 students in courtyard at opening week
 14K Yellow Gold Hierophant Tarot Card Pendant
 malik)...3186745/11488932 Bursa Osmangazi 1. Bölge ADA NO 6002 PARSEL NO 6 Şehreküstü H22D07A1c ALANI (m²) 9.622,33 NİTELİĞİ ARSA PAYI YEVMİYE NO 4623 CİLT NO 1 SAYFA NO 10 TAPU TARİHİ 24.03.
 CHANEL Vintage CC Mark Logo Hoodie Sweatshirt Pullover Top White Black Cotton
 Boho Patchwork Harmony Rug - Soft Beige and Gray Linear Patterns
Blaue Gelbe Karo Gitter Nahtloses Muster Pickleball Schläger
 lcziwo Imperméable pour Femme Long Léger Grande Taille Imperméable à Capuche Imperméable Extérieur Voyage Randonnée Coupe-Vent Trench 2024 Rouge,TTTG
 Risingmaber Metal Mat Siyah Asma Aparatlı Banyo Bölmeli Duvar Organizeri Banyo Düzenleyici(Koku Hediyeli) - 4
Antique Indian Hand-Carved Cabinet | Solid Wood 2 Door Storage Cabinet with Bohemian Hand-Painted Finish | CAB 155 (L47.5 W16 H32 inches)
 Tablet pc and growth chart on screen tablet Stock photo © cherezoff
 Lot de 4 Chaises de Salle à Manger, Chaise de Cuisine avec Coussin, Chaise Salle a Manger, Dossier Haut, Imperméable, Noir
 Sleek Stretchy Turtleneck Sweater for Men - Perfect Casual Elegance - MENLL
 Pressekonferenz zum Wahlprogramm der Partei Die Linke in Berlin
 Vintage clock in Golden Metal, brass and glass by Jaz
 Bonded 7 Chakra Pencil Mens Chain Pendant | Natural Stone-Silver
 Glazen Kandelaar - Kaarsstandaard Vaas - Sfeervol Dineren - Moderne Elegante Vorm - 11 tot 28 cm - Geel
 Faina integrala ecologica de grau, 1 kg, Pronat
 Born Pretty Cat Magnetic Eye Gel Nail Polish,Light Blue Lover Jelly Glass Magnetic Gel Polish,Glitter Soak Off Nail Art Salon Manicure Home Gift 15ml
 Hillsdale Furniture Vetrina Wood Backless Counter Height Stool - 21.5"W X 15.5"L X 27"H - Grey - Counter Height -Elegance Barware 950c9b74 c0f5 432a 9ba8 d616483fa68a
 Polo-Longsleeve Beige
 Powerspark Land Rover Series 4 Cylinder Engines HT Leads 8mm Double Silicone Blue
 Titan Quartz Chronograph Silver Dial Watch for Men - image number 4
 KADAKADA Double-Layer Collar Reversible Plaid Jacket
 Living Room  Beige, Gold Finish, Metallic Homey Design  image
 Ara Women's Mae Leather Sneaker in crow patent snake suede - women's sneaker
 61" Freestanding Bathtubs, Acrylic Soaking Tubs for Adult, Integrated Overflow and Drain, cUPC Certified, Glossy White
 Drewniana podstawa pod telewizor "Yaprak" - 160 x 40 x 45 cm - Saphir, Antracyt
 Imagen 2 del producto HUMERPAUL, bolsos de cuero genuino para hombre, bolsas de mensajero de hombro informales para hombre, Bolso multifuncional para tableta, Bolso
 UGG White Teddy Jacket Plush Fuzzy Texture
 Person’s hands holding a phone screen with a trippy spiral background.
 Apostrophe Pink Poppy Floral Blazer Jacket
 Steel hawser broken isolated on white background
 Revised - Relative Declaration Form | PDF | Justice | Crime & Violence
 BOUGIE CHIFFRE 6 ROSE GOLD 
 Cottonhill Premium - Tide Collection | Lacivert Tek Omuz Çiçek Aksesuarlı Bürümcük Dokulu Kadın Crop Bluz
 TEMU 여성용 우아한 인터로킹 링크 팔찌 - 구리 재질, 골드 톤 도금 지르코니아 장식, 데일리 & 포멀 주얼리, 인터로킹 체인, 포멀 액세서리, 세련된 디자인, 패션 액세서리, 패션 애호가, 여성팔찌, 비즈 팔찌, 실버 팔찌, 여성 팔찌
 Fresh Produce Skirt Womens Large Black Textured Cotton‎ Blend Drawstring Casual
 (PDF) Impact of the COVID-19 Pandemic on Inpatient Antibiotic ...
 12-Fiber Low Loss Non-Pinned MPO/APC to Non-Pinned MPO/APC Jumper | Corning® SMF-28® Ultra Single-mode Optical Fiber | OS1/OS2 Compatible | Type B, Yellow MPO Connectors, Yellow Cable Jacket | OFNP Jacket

_ _ _ _

- [What you have to do]: Taking the entries above, write out exactly each line from the one holding "Titan Quartz Chronograph" to the one holding "Cottonhill Premium - Tide", both included, and stop there.

- [Reply to the task]:
 Titan Quartz Chronograph Silver Dial Watch for Men - image number 4
 KADAKADA Double-Layer Collar Reversible Plaid Jacket
 Living Room  Beige, Gold Finish, Metallic Homey Design  image
 Ara Women's Mae Leather Sneaker in crow patent snake suede - women's sneaker
 61" Freestanding Bathtubs, Acrylic Soaking Tubs for Adult, Integrated Overflow and Drain, cUPC Certified, Glossy White
 Drewniana podstawa pod telewizor "Yaprak" - 160 x 40 x 45 cm - Saphir, Antracyt
 Imagen 2 del producto HUMERPAUL, bolsos de cuero genuino para hombre, bolsas de mensajero de hombro informales para hombre, Bolso multifuncional para tableta, Bolso
 UGG White Teddy Jacket Plush Fuzzy Texture
 Person’s hands holding a phone screen with a trippy spiral background.
 Apostrophe Pink Poppy Floral Blazer Jacket
 Steel hawser broken isolated on white background
 Revised - Relative Declaration Form | PDF | Justice | Crime & Violence
 BOUGIE CHIFFRE 6 ROSE GOLD 
 Cottonhill Premium - Tide Collection | Lacivert Tek Omuz Çiçek Aksesuarlı Bürümcük Dokulu Kadın Crop Bluz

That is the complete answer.